Code Section 25-4-105(3)(e)
states:
“(3) No public servant shall:(e) Perform any service for any compensation for any person or business after termination of his office or employment in relation to any case, decision, proceeding or application with respect to which he was directly concerned or in which he personally participated during the period of his service or employment.”
Pertinent facts and circumstances provided by the requestor, absent
identifying data, are set forth as follows and considered a part of this
opinion.
A Commissioner has directed me to send you a proposal detailing contractual services for which I would like to be considered after retiring from full-time State service. The Commissioner asked that I obtain the Ethics Committee’s opinion as to whether or not my proposal is in violation of Section 25-4-105 of the Mississippi Code 1972.The Mississippi Department of Education administers grants to fund educational services for the state agency. One of these grants is designed to offer educational programs for incarcerated youth. We have received funding through a grant since 1999, and I have worked with the Department of Education for many years in implementing the purposes of this grant in-so-far as expenditure of funds.
The grant, as written by the Mississippi Department of Education, has funds allocated to employ a grant evaluator and administrator. When I learned that the Department of Education’s grant application had been approved for renewed funding, I began considering the possibility of being a grant administrator, as I have worked with grants of this nature administered by the Department of Education for the entire seventeen years in which I have been employed by the state agency. I have been planning to retire before July 1, after several years of State service.
The only issue which needs to be addressed is from the standpoint of the statute. Can I legally work contractually as a grant administrator of the Department of Education’s federally funded grant?
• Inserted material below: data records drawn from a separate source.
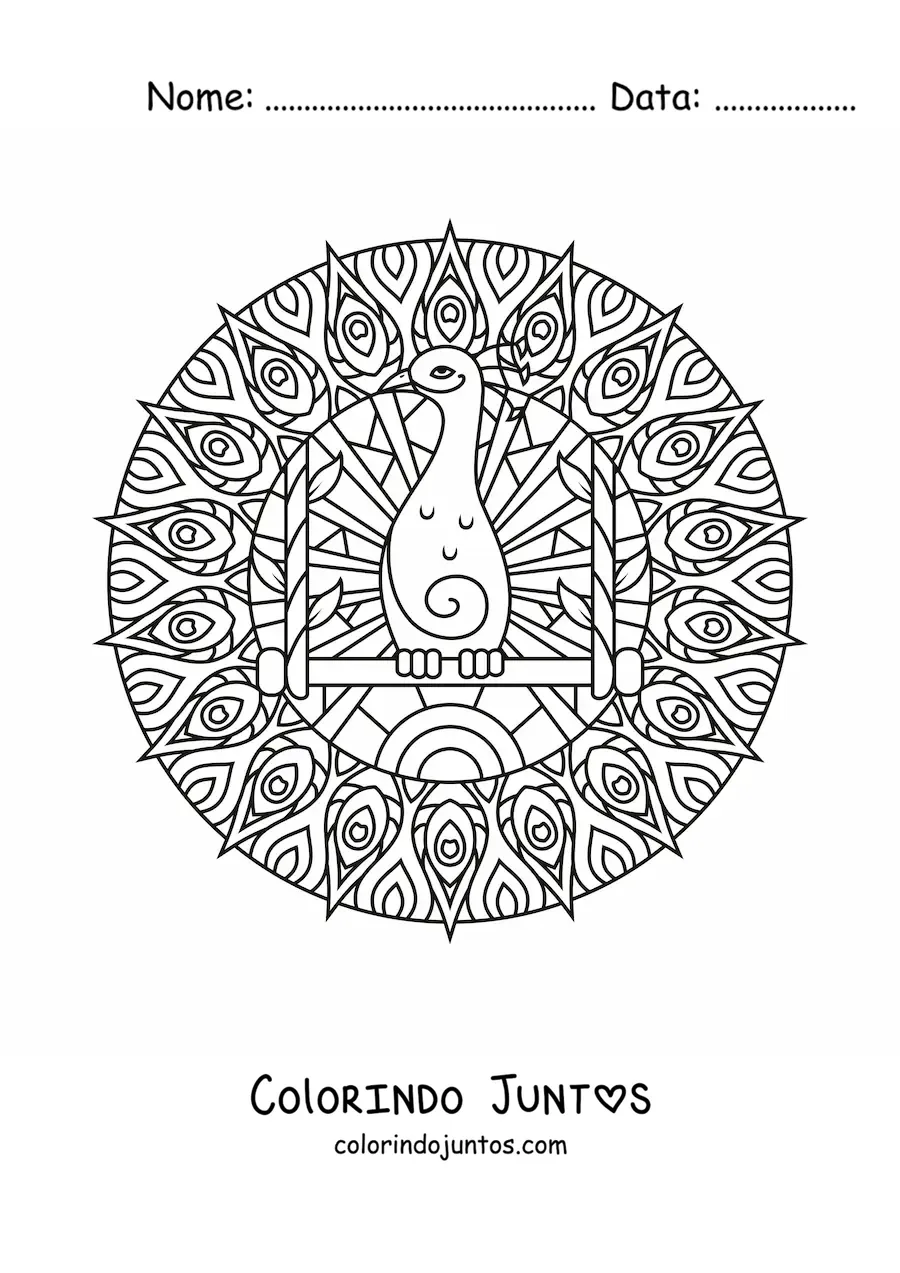 Desenho para colorir de mandala de pavão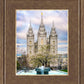 Salt Lake Temple Spring Fountain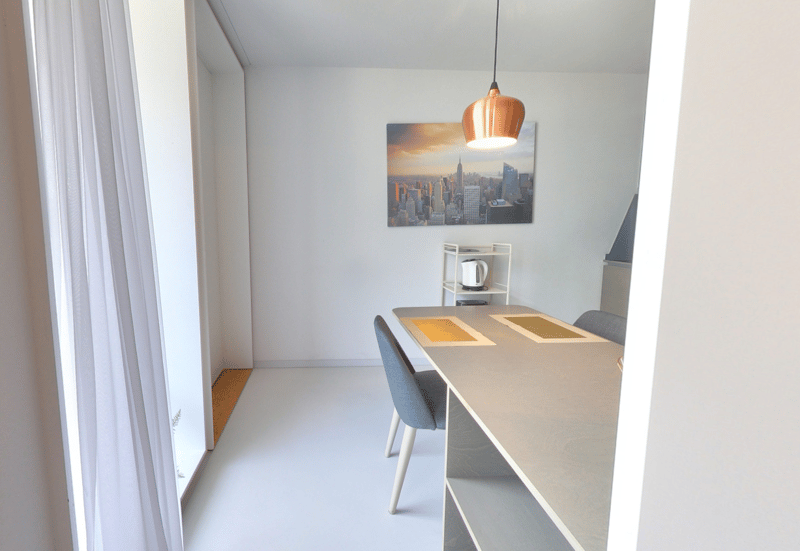 Furnished Premium studio with parking space available - Nyon (6)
The committee’s decision regarding this matter will determine whether or not I pursue administering this grant after retirement.
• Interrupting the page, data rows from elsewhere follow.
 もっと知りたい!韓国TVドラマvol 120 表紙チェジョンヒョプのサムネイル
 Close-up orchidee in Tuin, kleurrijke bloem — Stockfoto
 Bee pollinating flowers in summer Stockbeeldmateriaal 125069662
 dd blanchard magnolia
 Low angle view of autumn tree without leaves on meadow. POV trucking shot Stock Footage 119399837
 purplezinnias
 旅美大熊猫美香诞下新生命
Based solely on the facts and circumstances presented by the requestor,
the Commission’s opinion is as follows.
Code Section 25-4-105(3)(e), cited above, is the only Ethics in Government law that specifically prohibits the actions of former public servants who were not members of a governmental body or governmental board. [Emphasis added to bold text]
Code Section 25-4-105(3)(e) prohibits a former public servant from being compensated by a person or business after the former public servant leaves his public employment if the former public servant is compensated for performing services related to “any case, decision, proceeding or application with respect to which he was directly concerned or in which he personally participated” during the former public servant’s public employment. [Emphasis added to bold text]
A governmental entity, such as the state, is included in the definition of “person” set forth in Code Section 25-4-103(m), cited above, by way of the language “and where appropriate a governmental entity.”
Therefore, the state department awarding the grant cannot compensate the requestor for serving as a grant administrator on a grant awarded to the requestor’s former state department employer unless the requestor, as an employee with her former state department, was not directly concerned nor personally participated in the decision, proceeding or application of the grant in question.
The fact that the requestor may have been directly concerned or personally
participated in a previous grant while a state employee is not prohibited
by Code Section 25-4-105(3)(e).
This is true even though the previous grant may have been to provide the
same type of services to the same beneficiaries.